ATLANTA — Channel 2 Action News has learned that an embattled Atlanta judge has failed to disclose her mother's work for the city in at least three sworn statements.
Channel 2 investigative reporter Richard Belcher broke the story that the State Judicial Qualifications Commission is investigating Municipal Judge Terrinee Gundy over her use of court funds to purchase expensive gifts, among other things.
Belcher was there in July as Gundy arrived on Thursday to meet the commission members. She said she didn’t know her mother was a city contractor.
Channel 2 Action News has obtained documents related to her mother's catering business showing it did work for the city.
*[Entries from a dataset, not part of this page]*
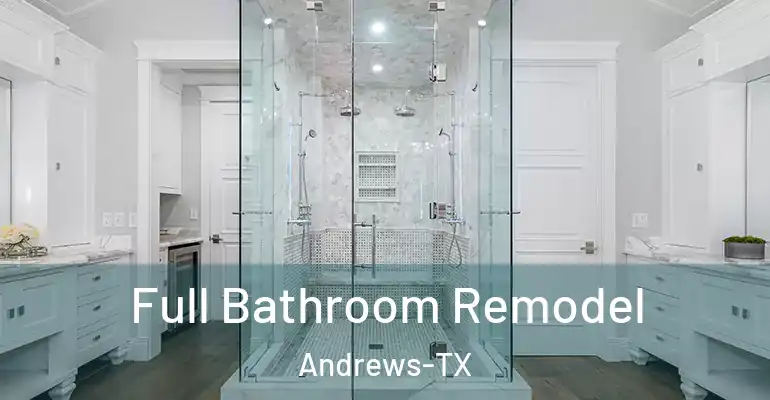 inner Bathroom imggen Full Bathroom Remodel Andrews-TX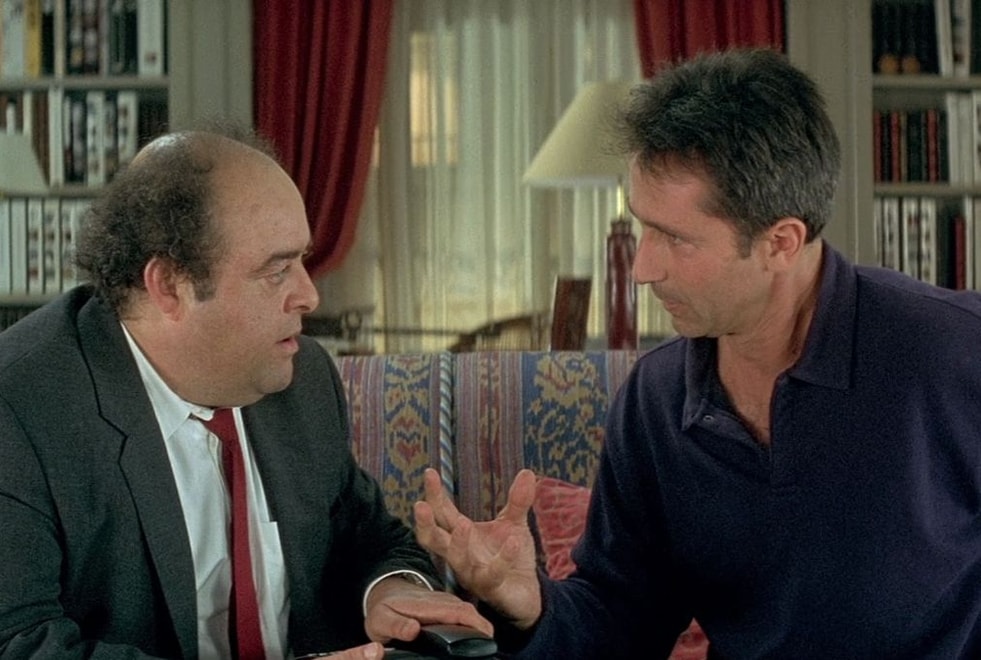 T’es invité au Dîner de Cons si tu n’as pas 5/5 à ce quiz de culture générale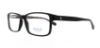 Picture of Polo Eyeglasses PH2123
We used the state open records law to get the invoices and summaries of catering services for which the judge's mother was paid almost $10,000 between 2011 and mid-2016.
Gundy became a judge in mid-2013, which means she should have disclosed her mother's business relationship with the city from then on.
But records show the judge answered no three times when asked whether any family members had done business with the city in 2013, '14 and '15.
Only once in four years did she disclose her mother's work. The judge signed those records on penalty of perjury.
“Look, the small print matters,” William Perry, with Georgia Ethics Watchdogs, told Belcher. “I'm particularly troubled by this case because she did it at one time but not other times so, at some point, she knew she needed to do it. And even if it had to be going back and correcting it, that could have been done, but now she's been caught.”
Gundy sent Belcher an email commenting on this story that reads: "It is important to note that Linda Alaydi is my mother, and she has been in the food service/catering business for a number of years. I have no involvement in her business or any of her business transactions.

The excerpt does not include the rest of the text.